Setenta e dois anos após Declaração Universal dos Direitos Humanos, questões fundamentais são negligenciadas e confundidas com “direitos dos bandidos”

JÚLIA RODRIGUES E CAROL GUERRA

 

Um ano após a Proclamação da República, o escritor Aluísio de Azevedo lançou O cortiço, romance que denunciava condições insalubres de habitação e vida de brasileiros pobres em 1890. Um ano após a 2ª Guerra Mundial, em 1946, Josué de Castro lançava A geografia da fome, uma investigação sobre a insegurança alimentar que atingia os negligenciados de um país subdesenvolvido. As duas obras, escritas antes mesmo da Declaração Universal dos Direitos Humanos, editada pela ONU em 1948, mostram chagas que ainda atormentam o Brasil de 2020, assolado pela pandemia e pela crise econômica. Questões como moradia digna, saúde, educação e alimentação nada não têm a ver com “direitos dos bandidos”, como alguns setores da sociedade apelidaram a promoção dos direitos humanos, cujo dia é celebrado hoje.

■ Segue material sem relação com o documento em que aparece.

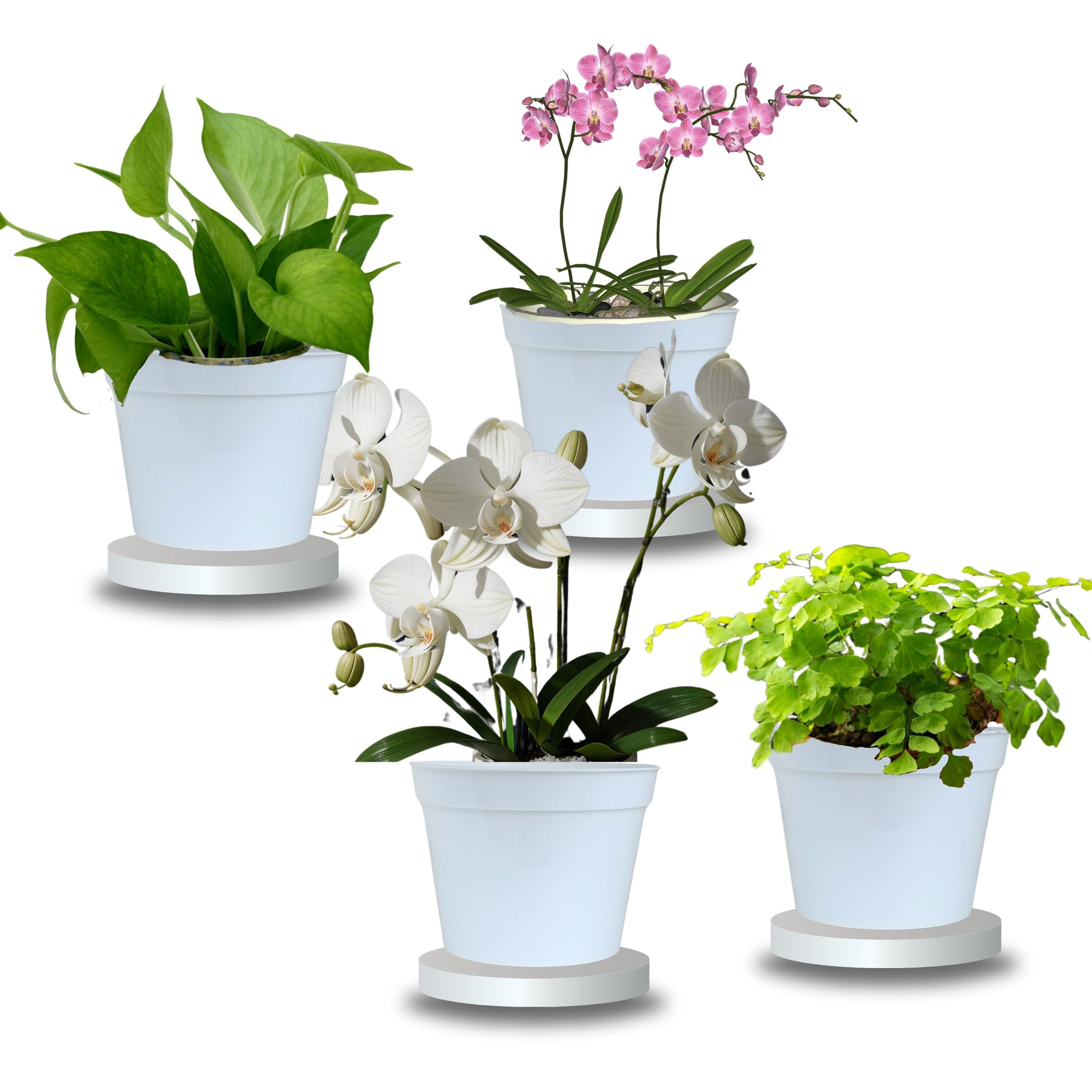 Hichika | 4X3 Nursery Pots | 3-9pcs. for Succulents, Orchids, Bonsai and Small H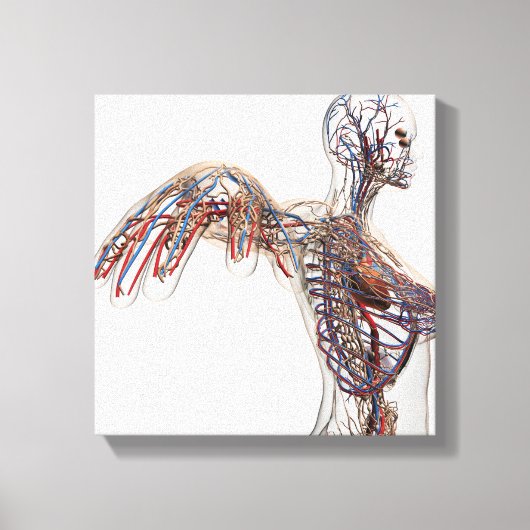 Toile Artères, Veines Et Système Lymphatique 2 (Recto)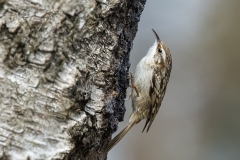 Short-toed Tree-creeper - Boomkruiper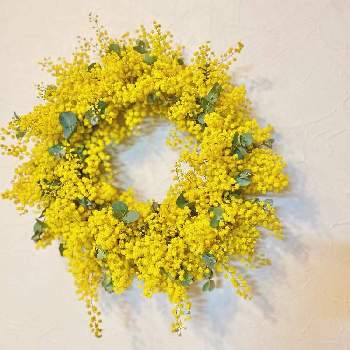 銀葉アカシアの画像 by wakoさん | 部屋と銀葉アカシアとミモザと ミモザと 銀葉アカシアとリースと花のある暮らしとやっぱり花が好き♡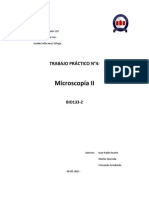 Microscopia II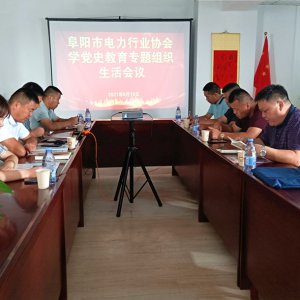 市電力行業(yè)協(xié)會(huì)學(xué)黨史教育專題組織生活會(huì)召開(kāi)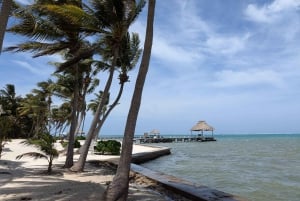 San Pedro: Beach BBQ Excursion with Stay at Cozy Caye …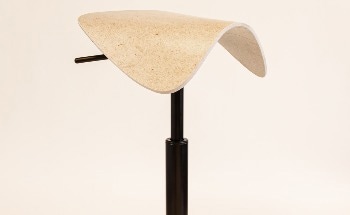 Novel Biocomposite Chair Made from Cellulose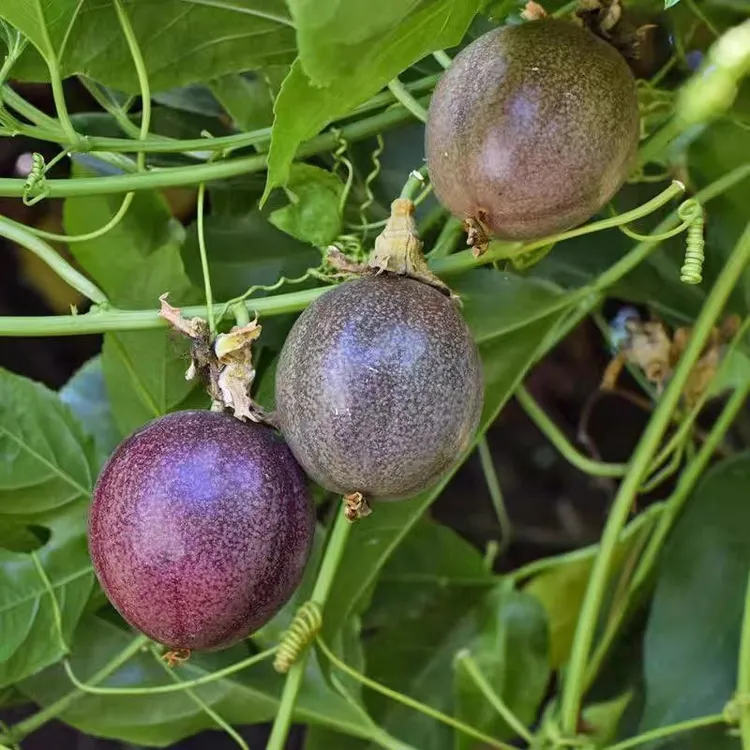 @百香果种子庭院菜园爬藤树水果种籽百香水果种子四季种植树种子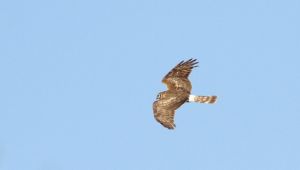 Gebze'de nesli tükenmekte olan kuş bulundu!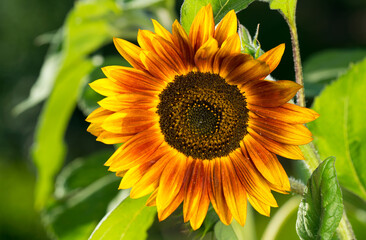 Ripe sunflower in brown color.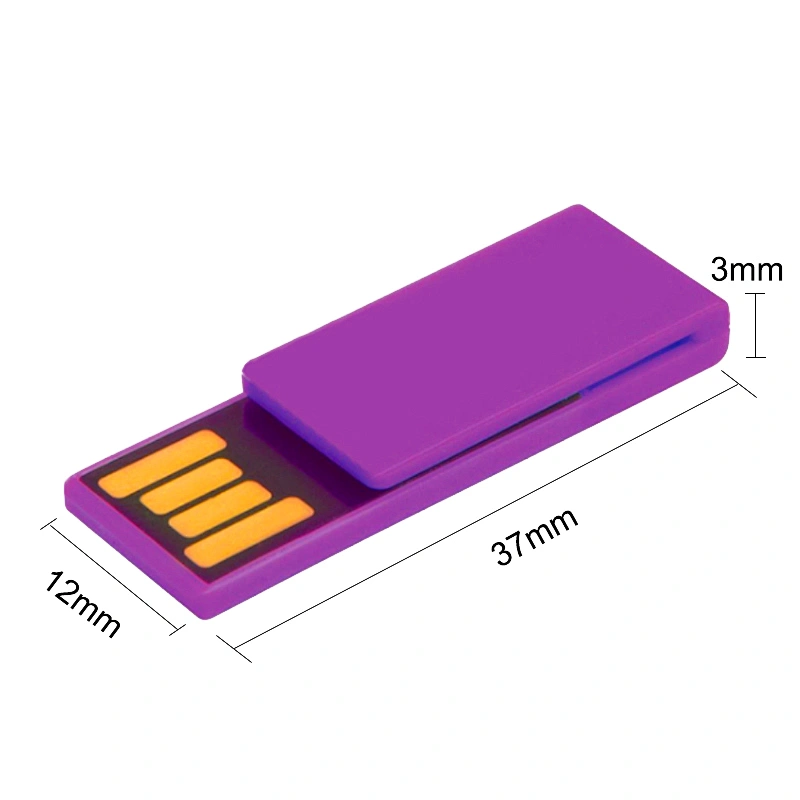Customized Logo Plastic Mini Portable USB Flash Drive USB Flash Disk USB Drive USB Disk For Gift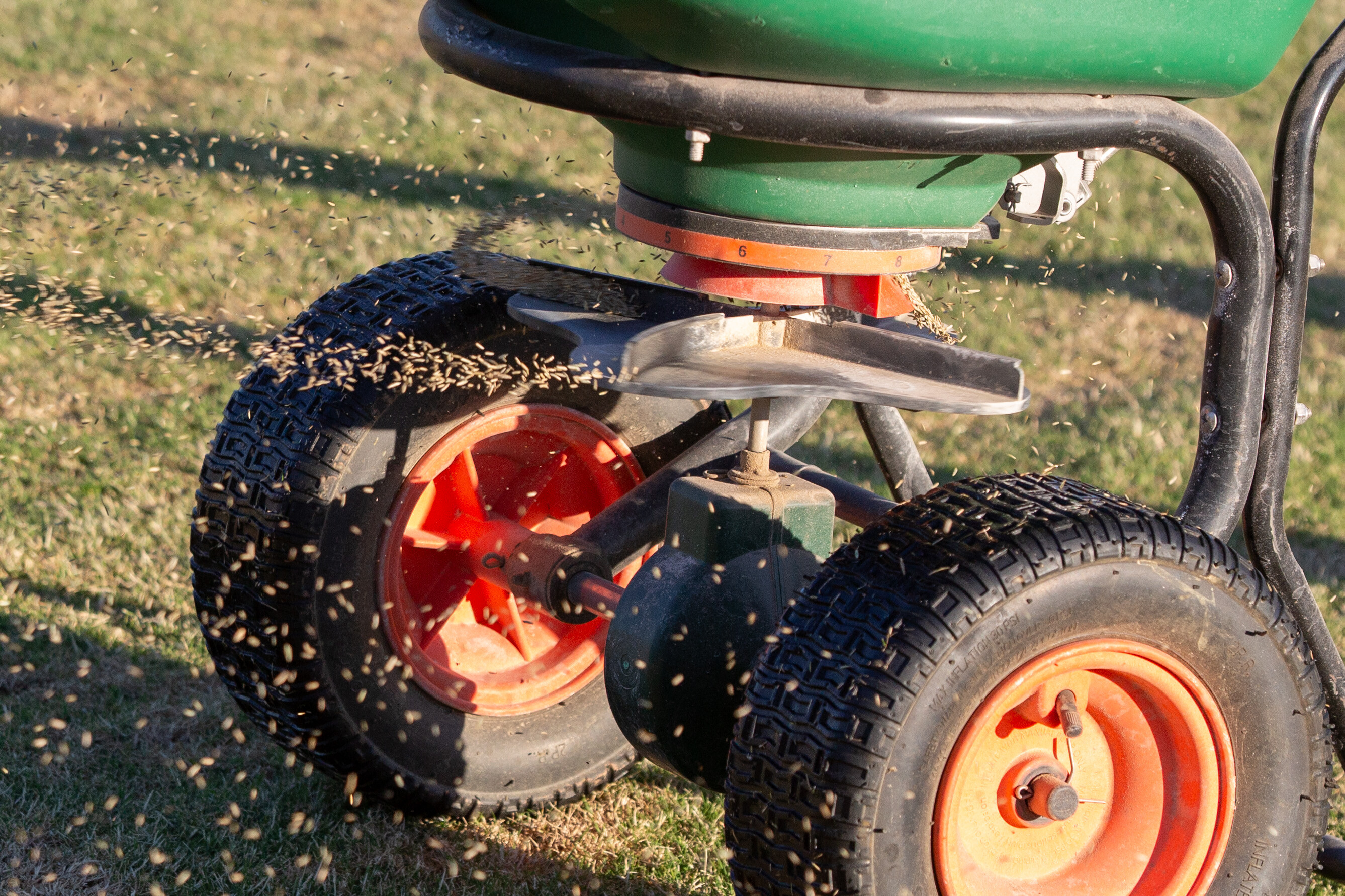 Spreader pushing out seed onto a grass field. 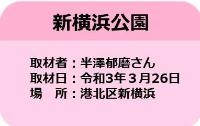 市営交通沿線の桜情報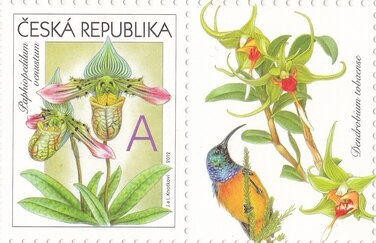 Greeting-Stamp Motif - Orchids - A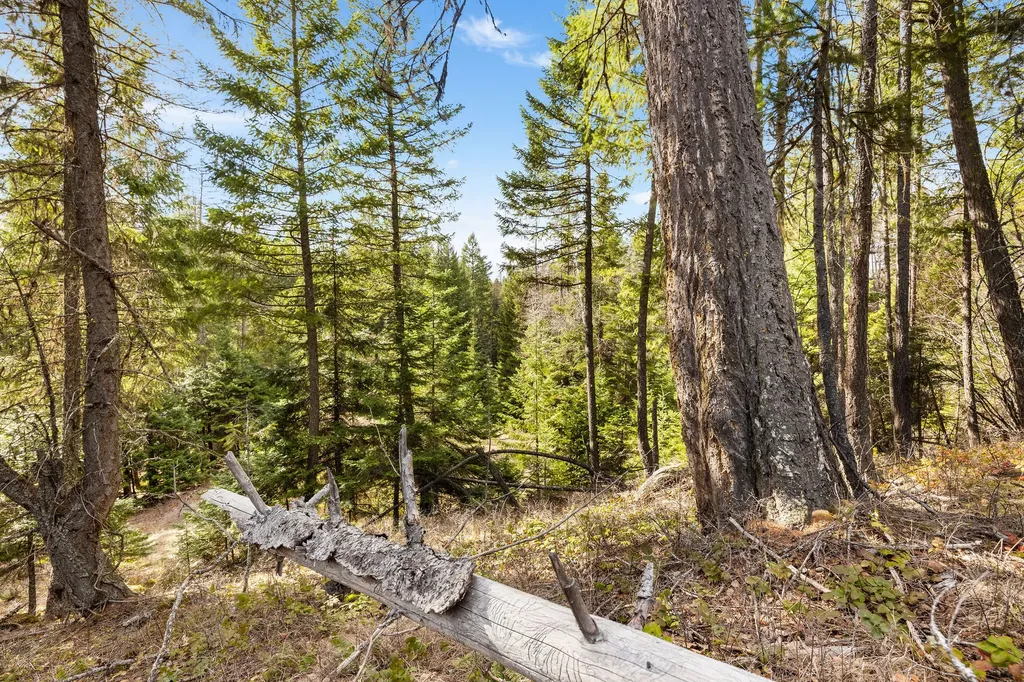 310 Rolling Ridge Drive Kalispell MT 59901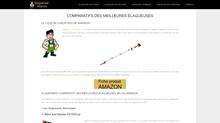 Meilleure élagueuse sur batterie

Mãe solo de uma menina de 8 anos, Priscila da Silva, 31, é fotógrafa e tem o único vão da casa de tábuas comportando sala, cozinha e quarto na comunidade do Pilar, Bairro do Recife. “É pequeno e ainda temos que dividir com os ratos”, diz. Quando necessita utilizar o banheiro, vai até a casa de sua mãe, que mora bem ao lado.

“Quando a maré enche, a água entra pela casa. Tem que esperar secar para limpar, porque não tem saneamento aqui.  Não gosto da vida que eu dou para a minha filha, mas não é porque eu quero”, constata.

Morador do Pilar há quatro anos, Isaias dos Santos, flanelinha, gostaria de ter água encanada. “A gente acorda de manhã e vê as crianças correndo nessa água suja, arriscadas a pegarem um germe”, lamentou o morador, que completa 38 anos de idade hoje. Ele paga aluguel de R$ 150.

Direitos básicos podem ser confundidos com privilégios quando só parte das pessoas têm acesso a eles. O Artigo 5º da Constituição garante que “todos são iguais perante a lei, sem distinção de qualquer natureza, garantindo-se aos brasileiros e estrangeiros residentes no país a inviolabilidade do direito à vida, à liberdade, à igualdade, à segurança e à propriedade.” Nas periferias, a lei de 32 anos atrás não se aplicou. “Se eu tivesse condições, não estaria num lugar desse. Temos direito a nada aqui”, diz Edson Pereira, 27, que cursou até a 3ª série e está entre os 13,8 milhões de desempregados no país.

O desafio de desmistificar o óbvio junto à sociedade

 

Para combater os preconceitos criados sobre os movimentos sociais, a Frente Popular dos Direitos Humanos utiliza o diálogo como arma. “Tentamos evidenciar a construção da cidade democrática, com a liberdade de expressão, e trazemos essa narrativa nos nossos projetos. A nossa alternativa é possibilitar o diálogo para que possamos acabar com o retrocesso e garantir os nossos direitos”, diz Rafael Pesca, representante da FPDH.

A Frente atua na mobilização e assessoria jurídica popular em conjunto com grupos, comunidades e movimentos sociais. Os interessados podem entrar em contato com o grupo pelas redes sociais. Atuante há 48 anos, o Centro de Cultura Luiz Freire busca a restauração dos valores democráticos através de diretrizes como educação, comunicação e cultura, em projetos comunitários. Durante a pandemia, novos desafios surgiram.

“Continuamos com a nossa atuação a partir de campanhas internacionais e nacionais. Estivemos presentes em comunidades quilombolas de Mirandiba, no Sertão de Pernambuco. Os estudantes não tinham como acompanhar aulas online. Esse era um dos inúmeros direitos que foram restringidos desses alunos. Conseguimos tablets para que pudessem estudar. Trabalhamos com sujeitos diretamente violados e reaquecemos o debate sobre direitos humanos”, explicou o coordenador do CCLF e representante da Rede Mundial de Ativistas pela Educação do Fundo Malala, Rogério Barata.

* O texto foi publicado originalmente no dia 10/12 na versão impressa do jornal Diário de Pernambuco.